Всюду во всем я видел и узнавал Иосифа. Америка его преобразовала. Он превратился в нью-йоркского нобиля. Появилась вдумчивая предупредительность англосакса. Он научился формальному искусству общения, сгладились углы, неровности и шероховатости. Но и все лучшее из прежнего было на месте.
На обратном пути я три дня жил в Нью-Йорке у Аллена Гинсберга. И снова к Иосифу заходил, тем более что с 12-ой Восточной улицы до Иосифовой Мортон-стрит прогулка тоже не лишена. На эти дни пришелся усыпительный День Благодарения, когда все закрыто и деться некуда, а вечером обязательно идти в гости и есть индейку. Иосиф повел меня к своим друзьям-американцам:
– Они замечательные люди. Только, Андрей Яковлевич, это не Россия – будет скучно.
И вот уже мы говорили, что завтра я улетаю, кончилась американская гулянка. Что замечательно съездил, все хорошо, пора домой, сколько примерно стоит такси.
– Об этом речи быть не может, вас повезу я.
– Иосиф, вы с ума сошли, день губить. Ни в коем случае.
– Никаких разговоров. Давайте адрес Гинсберга.
Гинсберг прекрасно знал, кто такой Иосиф. Мы с ним договорились, зная Иосифа, что будем его оттеснять от вещей: вещей пустяк, но все-таки четыре этажа вниз без лифта. Так оно и получилось. Иосиф к моим сумкам порывался отчаянно…
Иосиф принес выдирку из “Континента”, где была напечатана подборка, включавшая “Путешествуя в Азии” и многие другие стихи. Гинсберг, который всегда старается со всеми поделиться, провел по своим комнатам, говорит:
– Мы ваши стихи можем сейчас напечатать – хотите, маленькой книжечкой?
Иосиф загорелся: такая игрушка! Гинсберг подошел к огромному японскому ксероксу, взял стихи и сделал ксерокс для меня – нормальный, а для Иосифа – размером с записную книжечку. Иосиф тут же загнул поля, со всем тщанием, с любовью, сложил и спрятал в карман. Потом, когда Гинсберг был чем-то занят по делам выхода, сказал, вспомнив Слуцкого:
– На Боруха похож, правда? Есть в нем что-то такое…

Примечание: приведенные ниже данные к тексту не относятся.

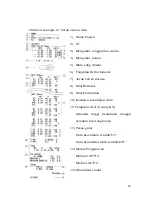 Предварительный просмотр 179 страницы Rodenstock Phoromat 2000 Operation Manual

Мы спустились вниз к машине, и тут, из соседней квартиры, увидев нас в окно, в сильно похолодавший Нью-Йорк срочно сбежал ближайший друг Гинсберга Питер Орловский, растерянный, в одной пижаме, у него на руке была почему-то перчатка, и он стал протирать ветровое стекло у Иосифова мерседеса, а Аллен Гинсберг протоколировал каждый шаг мировой поэзии, вращавшейся вокруг него, и своим аппаратом профессионально снял меня с Иосифом и Питером Орловским. Орловский вышел нерезко, я – замерзшей куклой, а Иосиф – парит, не касаясь ногами асфальта.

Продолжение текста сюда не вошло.